══ DATASET EXCERPTS
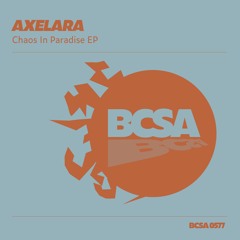 AxeLara - Chaos in Paradise [Balkan Connection South America]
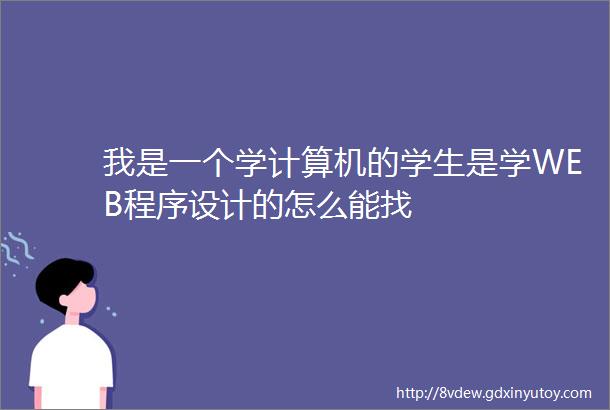 我是一个学计算机的学生是学WEB程序设计的怎么能找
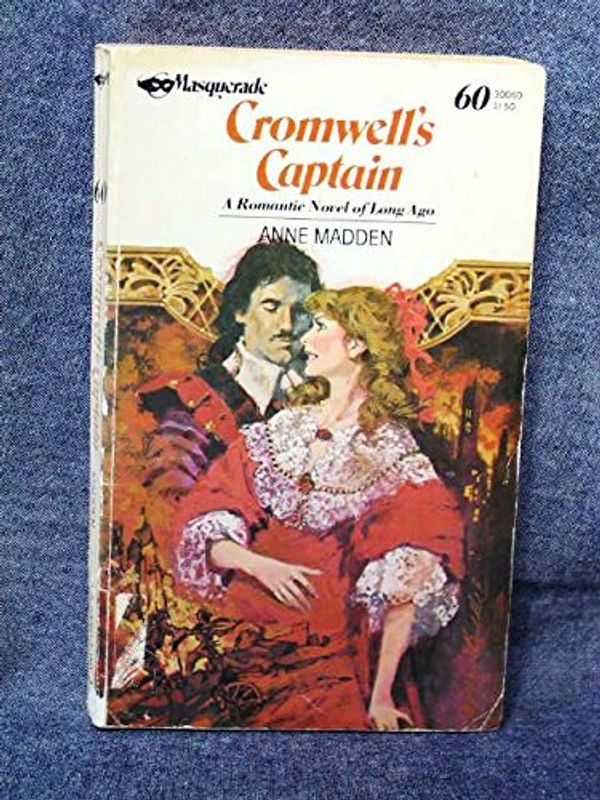 Cover Art for 9780373300600, Cromwell's Captain (Masquerade #60) by Madden, Anne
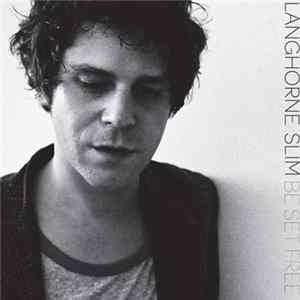 Langhorne Slim - Be Set Free Album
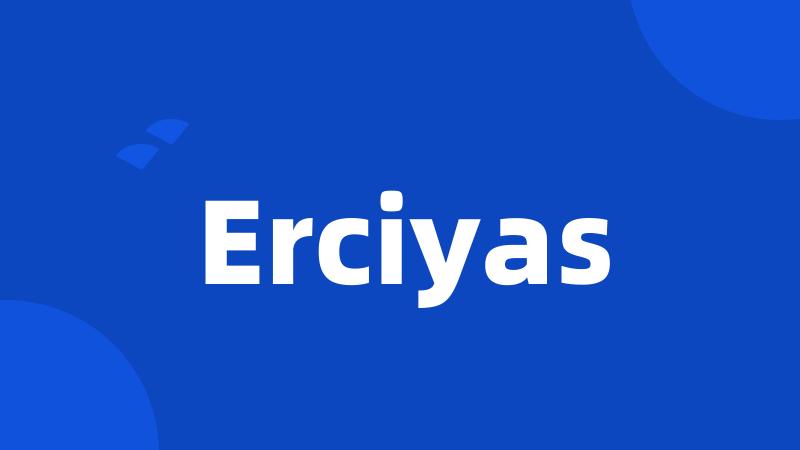 Erciyas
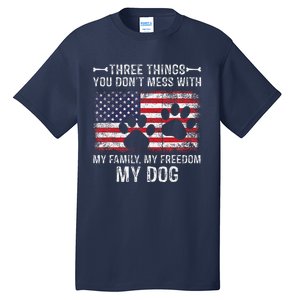 Three Things You Dont Mess With My Family Freedom My Dog Tall T-Shirt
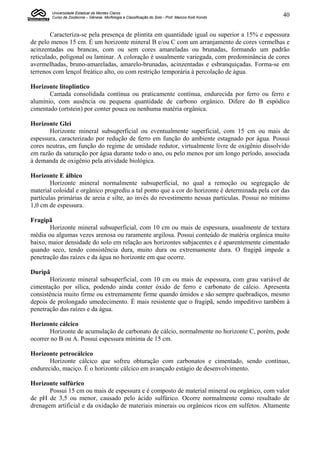 Universidade Estadual de Montes Claros
        Curso de Zootecnia – Gênese, Morfologia e Classificação do Solo - Prof. Marcos Koiti Kondo   40


        Caracteriza-se pela presença de plintita em quantidade igual ou superior a 15% e espessura
de pelo menos 15 cm. É um horizonte mineral B e/ou C com um arranjamento de cores vermelhas e
acinzentadas ou brancas, com ou sem cores amareladas ou brunadas, formando um padrão
reticulado, poligonal ou laminar. A coloração é usualmente variegada, com predominância de cores
avermelhadas, bruno-amareladas, amarelo-brunadas, acinzentadas e esbranquiçadas. Forma-se em
terrenos com lençol freático alto, ou com restrição temporária à percolação de água.

Horizonte litoplíntico
       Camada consolidada contínua ou praticamente contínua, endurecida por ferro ou ferro e
alumínio, com ausência ou pequena quantidade de carbono orgânico. Difere do B espódico
cimentado (ortstein) por conter pouca ou nenhuma matéria orgânica.

Horizonte Glei
       Horizonte mineral subsuperficial ou eventualmente superficial, com 15 cm ou mais de
espessura, caracterizado por redução de ferro em função do ambiente estagnado por água. Possui
cores neutras, em função do regime de umidade redutor, virtualmente livre de oxigênio dissolvido
em razão da saturação por água durante todo o ano, ou pelo menos por um longo período, associada
à demanda de oxigênio pela atividade biológica.

Horizonte E álbico
        Horizonte mineral normalmente subsuperficial, no qual a remoção ou segregação de
material coloidal e orgânico progrediu a tal ponto que a cor do horizonte é determinada pela cor das
partículas primárias de areia e silte, ao invés do revestimento nessas partículas. Possui no mínimo
1,0 cm de espessura.

Fragipã
       Horizonte mineral subsuperficial, com 10 cm ou mais de espessura, usualmente de textura
média ou algumas vezes arenosa ou raramente argilosa. Possui conteúdo de matéria orgânica muito
baixo, maior densidade do solo em relação aos horizontes subjacentes e é aparentemente cimentado
quando seco, tendo consistência dura, muito dura ou extremamente dura. O fragipã impede a
penetração das raízes e da água no horizonte em que ocorre.

Duripã
       Horizonte mineral subsuperficial, com 10 cm ou mais de espessura, com grau variável de
cimentação por sílica, podendo ainda conter óxido de ferro e carbonato de cálcio. Apresenta
consistência muito firme ou extremamente firme quando úmidos e são sempre quebradiços, mesmo
depois de prolongado umedecimento. É mais resistente que o fragipã, sendo impeditivo também à
penetração das raízes e da água.

Horizonte cálcico
       Horizonte de acumulação de carbonato de cálcio, normalmente no horizonte C, porém, pode
ocorrer no B ou A. Possui espessura mínima de 15 cm.

Horizonte petrocálcico
       Horizonte cálcico que sofreu obturação com carbonatos e cimentado, sendo contínuo,
endurecido, maciço. É o horizonte cálcico em avançado estágio de desenvolvimento.

Horizonte sulfúrico
       Possui 15 cm ou mais de espessura e é composto de material mineral ou orgânico, com valor
de pH de 3,5 ou menor, causado pelo ácido sulfúrico. Ocorre normalmente como resultado de
drenagem artificial e da oxidação de materiais minerais ou orgânicos ricos em sulfetos. Altamente
 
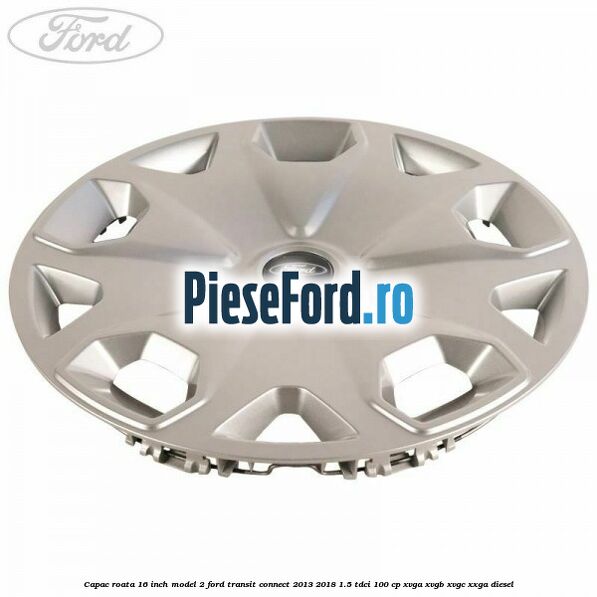 Capac roata 16 inch model 2 Ford Transit Connect 2013-2018 1.5 TDCi 100 cp XVGA, XVGB, XVGC, XXGA diesel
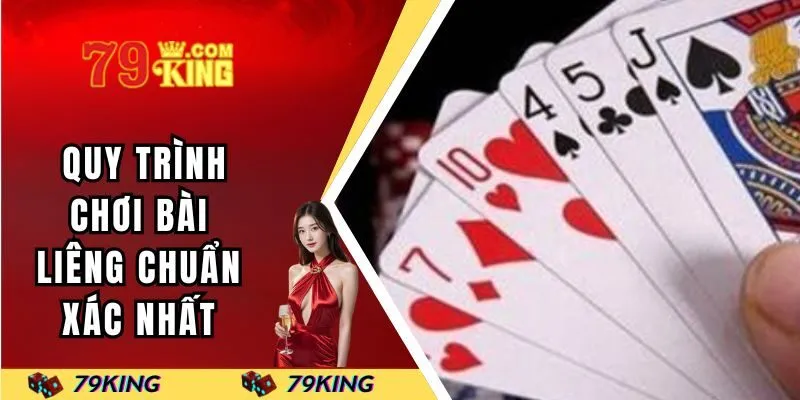 Hướng dẫn quy trình chơi bài liêng chuẩn xác nhất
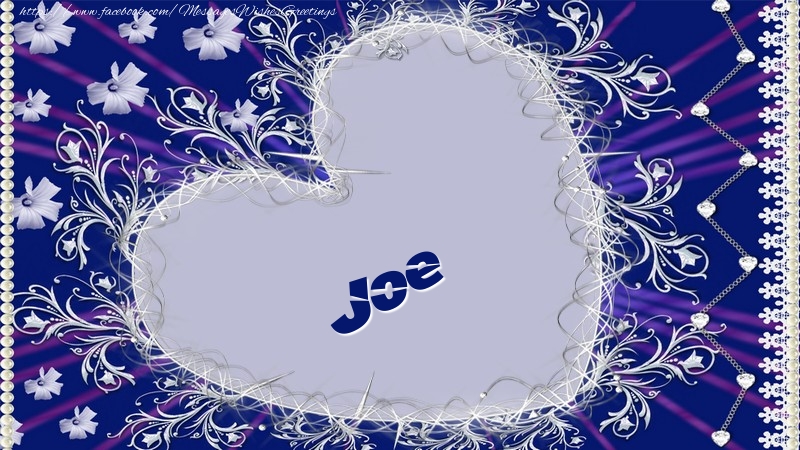 Greetings Cards for Love - Joe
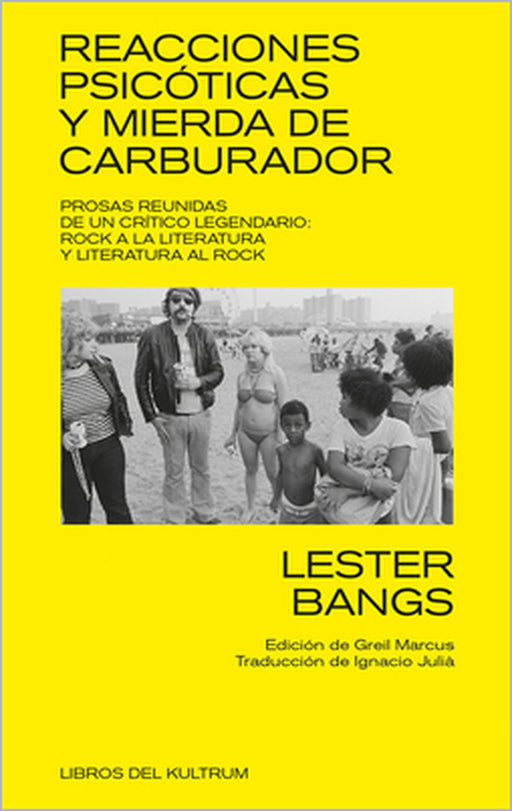 Reacciones Psicóticas Y Mierda de Carburador: Prosas Reunidas de Un Crítico Legendario by Lester Bangs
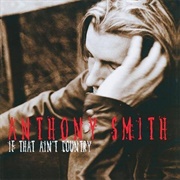 If That Ain't Country - Anthony Smith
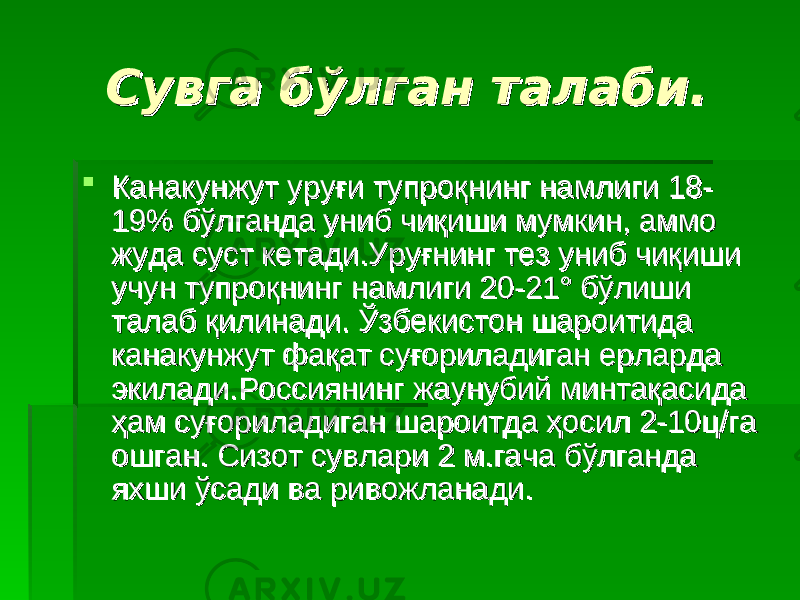 Сувга бўлган талаби.Сувга бўлган талаби.  Канакунжут уруғи тупроқнинг намлиги 18-Канакунжут уруғи тупроқнинг намлиги 18- 19% бўлганда униб чиқиши мумкин, аммо 19% бўлганда униб чиқиши мумкин, аммо жуда суст кетади.Уруғнинг тез униб чиқиши жуда суст кетади.Уруғнинг тез униб чиқиши учун тупроқнинг намлиги 20-21° бўлиши учун тупроқнинг намлиги 20-21° бўлиши талаб қилинади. Ўзбекистон шароитида талаб қилинади. Ўзбекистон шароитида канакунжут фақат суғориладиган ерларда канакунжут фақат суғориладиган ерларда экилади.Россиянинг жаунубий минтақасида экилади.Россиянинг жаунубий минтақасида ҳам суғориладиган шароитда ҳосил 2-10ц/га ҳам суғориладиган шароитда ҳосил 2-10ц/га ошган. Сизот сувлари 2 м.гача бўлганда ошган. Сизот сувлари 2 м.гача бўлганда яхши ўсади ва ривожланади.яхши ўсади ва ривожланади. 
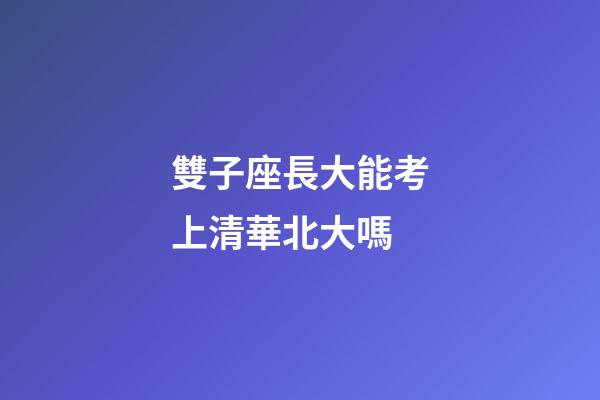 雙子座長大能考上清華北大嗎-第1張-星座運勢-玄機派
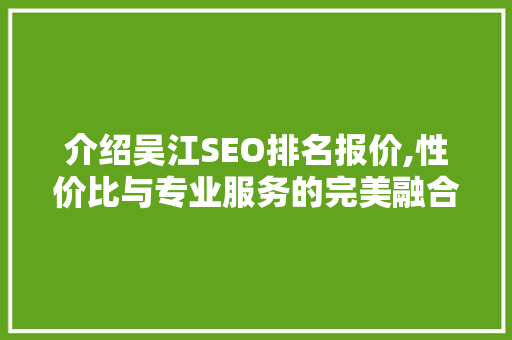 介绍吴江SEO排名报价,性价比与专业服务的完美融合 百度SEO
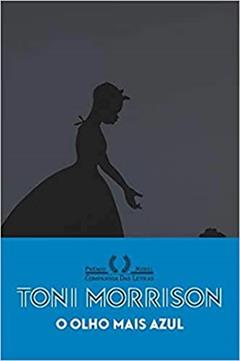 O olho mais azul (Nova edição), do autor Toni Morrison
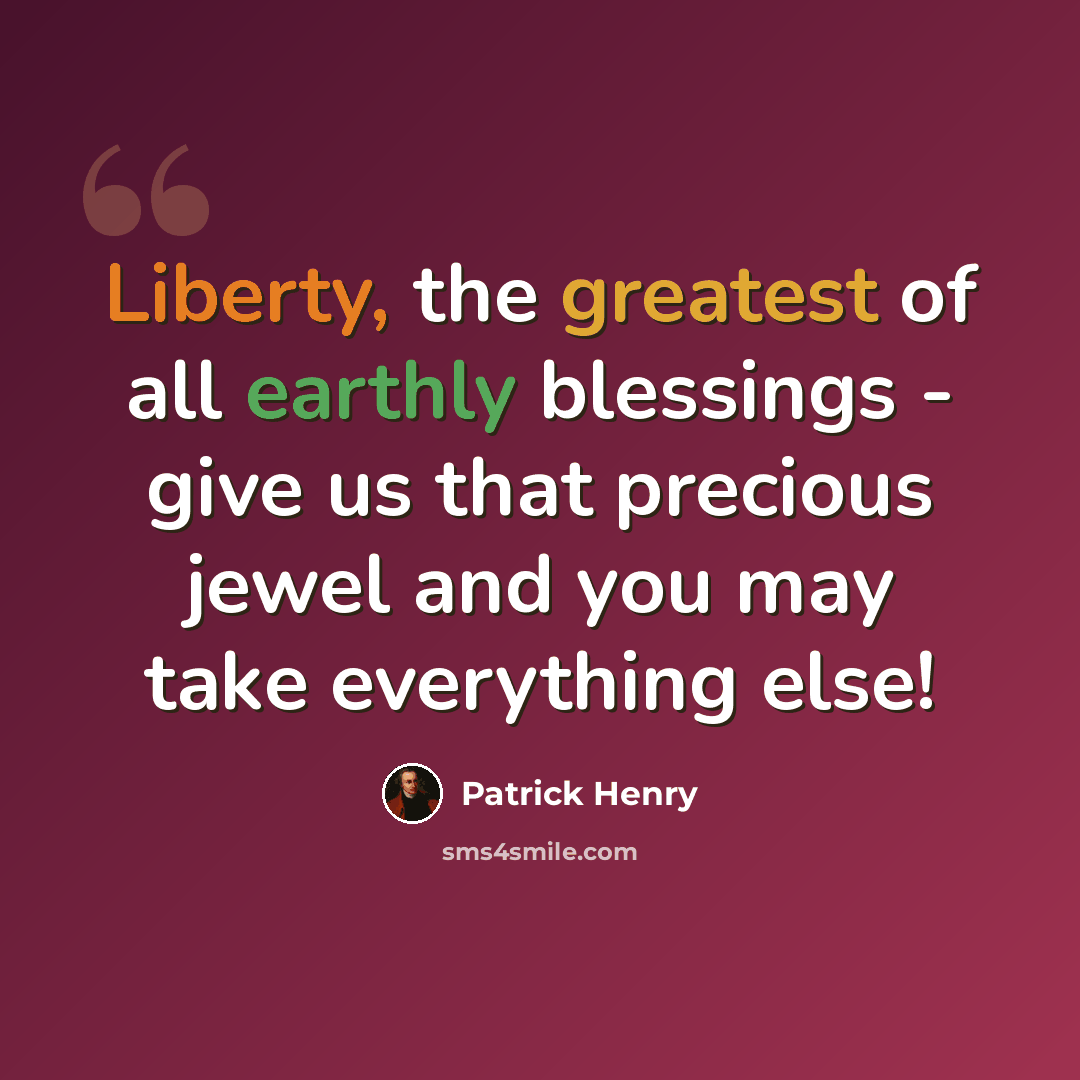 “Liberty, the greatest of all earthly blessings - give us that precious jewel and you may take everything else!” quote by Patrick Henry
════
• PROBLEM REQUIREMENTS
Filter the data down to the lines that contain the string "sendo", and copy them.

• EXERCISE OUTPUT
depois de prolongado umedecimento. É mais resistente que o fragipã, sendo impeditivo também à
       Horizonte cálcico que sofreu obturação com carbonatos e cimentado, sendo contínuo,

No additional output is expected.